The bottom line is: you input a recipe and a serving change; the system outputs perfectly measured, usable ingredients.

1. You provide the original recipe ingredients and specify the new number of servings you need.
2. The MCP engine first determines the correct rounding for each unit, then uses that data to scale all ingredient quantities proportionally.
3. Finally, it formats these scaled numbers into easy-to-measure culinary instructions, ready for your use.

## Frequently Asked Questions

**How does Recipe Scaler handle ingredient scaling?**
It uses the `scale_ingredients` tool to adjust every item in your list proportionally.

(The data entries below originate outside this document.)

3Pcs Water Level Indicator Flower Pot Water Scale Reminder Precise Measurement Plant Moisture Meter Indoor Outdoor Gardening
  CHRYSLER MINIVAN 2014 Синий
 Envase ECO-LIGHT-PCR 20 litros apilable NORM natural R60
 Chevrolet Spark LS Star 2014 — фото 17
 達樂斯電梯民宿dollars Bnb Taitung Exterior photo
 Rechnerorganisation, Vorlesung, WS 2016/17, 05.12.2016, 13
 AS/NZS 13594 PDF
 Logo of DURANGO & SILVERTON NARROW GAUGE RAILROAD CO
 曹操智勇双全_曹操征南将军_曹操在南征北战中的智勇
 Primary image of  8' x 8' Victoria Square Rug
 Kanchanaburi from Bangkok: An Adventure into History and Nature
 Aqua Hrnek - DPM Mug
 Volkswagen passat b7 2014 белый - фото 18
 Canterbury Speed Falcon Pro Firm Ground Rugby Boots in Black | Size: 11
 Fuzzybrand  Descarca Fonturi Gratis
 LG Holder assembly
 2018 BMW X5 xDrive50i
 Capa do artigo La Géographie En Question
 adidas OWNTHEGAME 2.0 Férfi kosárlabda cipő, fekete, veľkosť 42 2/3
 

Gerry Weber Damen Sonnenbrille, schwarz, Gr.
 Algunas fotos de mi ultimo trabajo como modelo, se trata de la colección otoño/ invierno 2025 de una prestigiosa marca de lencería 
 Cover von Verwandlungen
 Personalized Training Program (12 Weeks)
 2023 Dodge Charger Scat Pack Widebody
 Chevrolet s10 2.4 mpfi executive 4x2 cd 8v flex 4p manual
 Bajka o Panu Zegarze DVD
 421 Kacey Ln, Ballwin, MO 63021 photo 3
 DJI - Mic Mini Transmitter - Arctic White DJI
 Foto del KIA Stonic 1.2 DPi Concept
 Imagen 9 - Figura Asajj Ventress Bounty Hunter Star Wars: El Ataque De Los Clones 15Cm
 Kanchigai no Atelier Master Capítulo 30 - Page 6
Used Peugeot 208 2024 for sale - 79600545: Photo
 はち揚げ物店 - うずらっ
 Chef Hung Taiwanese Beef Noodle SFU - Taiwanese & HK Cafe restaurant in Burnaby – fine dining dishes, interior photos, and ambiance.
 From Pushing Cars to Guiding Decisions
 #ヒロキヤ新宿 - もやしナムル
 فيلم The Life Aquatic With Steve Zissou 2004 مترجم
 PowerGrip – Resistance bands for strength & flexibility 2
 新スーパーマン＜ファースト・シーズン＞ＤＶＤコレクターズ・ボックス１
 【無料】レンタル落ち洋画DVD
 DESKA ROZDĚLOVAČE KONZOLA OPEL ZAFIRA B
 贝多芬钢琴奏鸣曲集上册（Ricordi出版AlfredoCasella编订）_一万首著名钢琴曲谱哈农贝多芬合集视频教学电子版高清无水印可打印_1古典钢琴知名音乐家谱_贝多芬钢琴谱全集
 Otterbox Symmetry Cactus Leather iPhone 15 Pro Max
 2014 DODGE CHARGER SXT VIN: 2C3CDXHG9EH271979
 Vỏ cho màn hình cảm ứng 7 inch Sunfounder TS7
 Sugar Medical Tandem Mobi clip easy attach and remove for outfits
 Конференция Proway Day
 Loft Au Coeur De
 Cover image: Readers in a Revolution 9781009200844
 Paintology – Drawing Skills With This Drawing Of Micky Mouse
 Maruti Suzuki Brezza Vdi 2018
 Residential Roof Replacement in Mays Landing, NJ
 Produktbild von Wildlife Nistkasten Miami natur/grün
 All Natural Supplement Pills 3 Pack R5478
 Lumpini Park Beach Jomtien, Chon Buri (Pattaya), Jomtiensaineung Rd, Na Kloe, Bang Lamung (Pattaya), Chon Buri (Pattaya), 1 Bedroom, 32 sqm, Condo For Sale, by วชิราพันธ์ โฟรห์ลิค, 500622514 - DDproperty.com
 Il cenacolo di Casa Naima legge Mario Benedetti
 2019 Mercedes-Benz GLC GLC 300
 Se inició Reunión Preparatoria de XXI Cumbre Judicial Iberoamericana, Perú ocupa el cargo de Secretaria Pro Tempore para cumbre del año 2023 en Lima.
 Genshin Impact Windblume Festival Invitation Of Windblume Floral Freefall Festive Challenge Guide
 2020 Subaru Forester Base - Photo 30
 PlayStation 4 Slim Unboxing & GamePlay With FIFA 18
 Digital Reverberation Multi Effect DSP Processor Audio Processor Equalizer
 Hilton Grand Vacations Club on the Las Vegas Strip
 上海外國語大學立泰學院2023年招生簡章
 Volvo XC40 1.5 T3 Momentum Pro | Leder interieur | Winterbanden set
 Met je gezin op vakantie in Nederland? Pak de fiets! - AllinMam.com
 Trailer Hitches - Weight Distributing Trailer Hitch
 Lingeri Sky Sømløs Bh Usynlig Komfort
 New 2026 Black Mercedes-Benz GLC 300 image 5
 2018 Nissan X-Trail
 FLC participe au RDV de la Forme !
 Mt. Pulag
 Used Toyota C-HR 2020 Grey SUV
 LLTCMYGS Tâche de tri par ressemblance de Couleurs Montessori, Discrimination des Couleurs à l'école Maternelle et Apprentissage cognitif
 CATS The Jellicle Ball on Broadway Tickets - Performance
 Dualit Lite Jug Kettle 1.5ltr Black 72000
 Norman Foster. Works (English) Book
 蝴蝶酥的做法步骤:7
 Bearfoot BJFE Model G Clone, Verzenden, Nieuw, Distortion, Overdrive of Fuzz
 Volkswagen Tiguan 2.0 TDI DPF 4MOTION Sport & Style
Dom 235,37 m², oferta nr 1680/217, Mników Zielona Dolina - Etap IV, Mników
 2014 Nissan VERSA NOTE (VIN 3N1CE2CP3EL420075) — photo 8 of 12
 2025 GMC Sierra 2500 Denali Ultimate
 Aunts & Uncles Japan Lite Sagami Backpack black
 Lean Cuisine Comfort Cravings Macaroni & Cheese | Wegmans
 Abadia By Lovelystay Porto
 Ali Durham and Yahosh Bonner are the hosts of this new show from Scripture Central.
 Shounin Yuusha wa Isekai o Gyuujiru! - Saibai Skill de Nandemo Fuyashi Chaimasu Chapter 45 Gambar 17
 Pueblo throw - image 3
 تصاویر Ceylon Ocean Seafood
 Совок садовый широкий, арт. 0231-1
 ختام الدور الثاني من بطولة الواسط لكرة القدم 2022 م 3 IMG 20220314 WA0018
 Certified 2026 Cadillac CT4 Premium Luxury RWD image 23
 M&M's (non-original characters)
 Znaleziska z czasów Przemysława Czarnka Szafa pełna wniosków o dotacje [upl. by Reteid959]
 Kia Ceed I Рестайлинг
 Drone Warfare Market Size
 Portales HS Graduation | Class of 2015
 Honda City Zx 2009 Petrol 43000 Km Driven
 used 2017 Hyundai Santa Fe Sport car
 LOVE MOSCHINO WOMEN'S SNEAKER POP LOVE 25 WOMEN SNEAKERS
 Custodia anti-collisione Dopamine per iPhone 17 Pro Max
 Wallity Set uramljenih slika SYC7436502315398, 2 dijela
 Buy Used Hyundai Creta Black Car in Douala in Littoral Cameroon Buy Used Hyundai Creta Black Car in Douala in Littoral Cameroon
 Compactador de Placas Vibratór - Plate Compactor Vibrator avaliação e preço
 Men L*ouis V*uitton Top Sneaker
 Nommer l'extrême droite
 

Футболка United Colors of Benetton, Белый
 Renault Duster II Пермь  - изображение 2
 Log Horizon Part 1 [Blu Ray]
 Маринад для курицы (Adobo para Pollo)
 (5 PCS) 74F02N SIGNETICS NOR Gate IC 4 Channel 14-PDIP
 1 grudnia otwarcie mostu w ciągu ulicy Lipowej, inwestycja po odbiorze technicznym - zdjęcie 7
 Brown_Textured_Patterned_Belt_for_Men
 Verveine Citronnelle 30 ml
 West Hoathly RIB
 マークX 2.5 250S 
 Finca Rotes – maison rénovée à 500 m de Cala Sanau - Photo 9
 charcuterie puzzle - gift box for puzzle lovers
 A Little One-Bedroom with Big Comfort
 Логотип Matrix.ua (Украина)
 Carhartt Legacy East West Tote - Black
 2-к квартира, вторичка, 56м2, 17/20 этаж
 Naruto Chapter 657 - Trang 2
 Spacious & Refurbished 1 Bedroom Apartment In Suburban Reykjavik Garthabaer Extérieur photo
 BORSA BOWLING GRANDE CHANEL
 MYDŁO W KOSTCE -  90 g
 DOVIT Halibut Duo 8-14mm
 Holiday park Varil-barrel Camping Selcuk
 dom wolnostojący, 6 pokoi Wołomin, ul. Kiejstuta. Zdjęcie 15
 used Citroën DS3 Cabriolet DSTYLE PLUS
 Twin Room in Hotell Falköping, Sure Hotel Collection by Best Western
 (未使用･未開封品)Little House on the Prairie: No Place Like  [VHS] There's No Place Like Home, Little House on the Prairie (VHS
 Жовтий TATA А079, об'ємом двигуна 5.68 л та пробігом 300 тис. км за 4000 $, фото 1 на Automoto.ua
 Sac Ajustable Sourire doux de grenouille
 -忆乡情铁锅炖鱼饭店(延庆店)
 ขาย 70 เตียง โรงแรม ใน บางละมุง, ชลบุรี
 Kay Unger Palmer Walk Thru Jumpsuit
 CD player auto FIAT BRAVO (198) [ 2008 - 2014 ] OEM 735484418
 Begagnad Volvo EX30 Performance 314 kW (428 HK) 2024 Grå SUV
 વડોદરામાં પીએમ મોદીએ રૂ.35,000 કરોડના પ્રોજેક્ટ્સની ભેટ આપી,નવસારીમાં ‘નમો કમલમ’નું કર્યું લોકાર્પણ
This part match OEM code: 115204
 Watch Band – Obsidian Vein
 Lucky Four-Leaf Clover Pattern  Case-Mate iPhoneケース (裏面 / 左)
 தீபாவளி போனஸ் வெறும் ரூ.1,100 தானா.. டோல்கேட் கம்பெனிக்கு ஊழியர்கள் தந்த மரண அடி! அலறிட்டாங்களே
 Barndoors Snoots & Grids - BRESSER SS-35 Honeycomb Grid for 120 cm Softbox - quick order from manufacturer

You simply tell it the original recipe and the new number of servings, and it recalculates everything automatically.

**What if my unit is grams? Does Recipe Scaler work with mass?**
Yes, it does. The MCP uses `resolve_measurement_precision` to make sure that even weight measurements are rounded correctly and remain practical for kitchen use.

**Can I convert a decimal measure using the Recipe Scaler MCP?**
Absolutely. If you have a raw number like 0.75 tablespoons, the formatting tool converts it into simple measures like '2 teaspoons,' making it ready to use.

**Does the Recipe Scaler need original serving info?**
Yes, providing the starting serving count helps the MCP calculate ratios correctly. It ensures that when you scale up or down, the proportions stay intact and consistent with your initial recipe design.